I agree with everyone else. Your only real option is to apply to a university or junior college in the US, and come in on a student visa. You will be allowed to work a few hours per week, and if you obtain a degree, you probably can get a one-year work visa if you find a job in your field. It is regarded as an internship and part of your studies. If, after that, your employer is willing to sponsor you (an expensive and time-consuming proposition), and you are in a field that is in demand, you might then get a work visa. I believe that is when your legal residency will start. I don't think the student years count. After that, you could apply for citizenship.


----------



## Dragon (Mar 30, 2008)

I'll look around on that site, I think..maybe..I could use a tourist Visa, spend some time over there like for vacation, look for a partner..and infact, someone else that I really like lives over there too, but doubt she likes me the same way..lol I really really doubt it. But maybe she'll change her mind, who knows.=)

Thank your for your advice, and yes you're right..it is better to find these things out. I wonder though, is 2 and a half months enough time to be adopted before my 18th birthday? The friend who I'm staying with, I like to think of her as my guardian, I sometimes even call her mom. And maybe..is there like an education visa for taking firefighter lessons over there? considering my 'guardian's' husband is assistant chief of the local fire department there, could he have a say in anything? Or is it possible to join a fire department here and get transfered?

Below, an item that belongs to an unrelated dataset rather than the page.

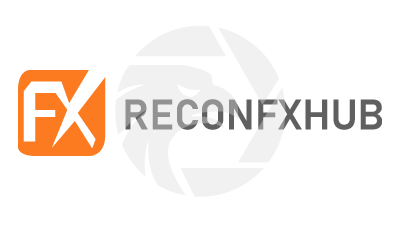 reconfxhub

Sorry for asking so many questions..but I would appreciate someone with a confirmed sure answer tell me, than me looking for the answer myself and giving up coz I don't know exactly what I'm looking for, or can't find what I'm looking for coz what I'm looking for doesn't exist.


----------



## Rachel_Heath (Mar 16, 2008)

Dragon said:


> And maybe..is there like an education visa for taking firefighter lessons over there? considering my 'guardian's' husband is assistant chief of the local fire department there, could he have a say in anything? Or is it possible to join a fire department here and get transfered?
> 
> Sorry for asking so many questions..but I would appreciate someone with a confirmed sure answer tell me, than me looking for the answer myself and giving up coz I don't know exactly what I'm looking for, or can't find what I'm looking for coz what I'm looking for doesn't exist.


Questions are good to ask, for without questions we would have no answers!

Sadly I fear the chief's likely to have about as much influence over the USCIS as I have (read zilch). And as for a transfer then again it's a no since the only way that would work was if the British Fire Brigade did business in the US.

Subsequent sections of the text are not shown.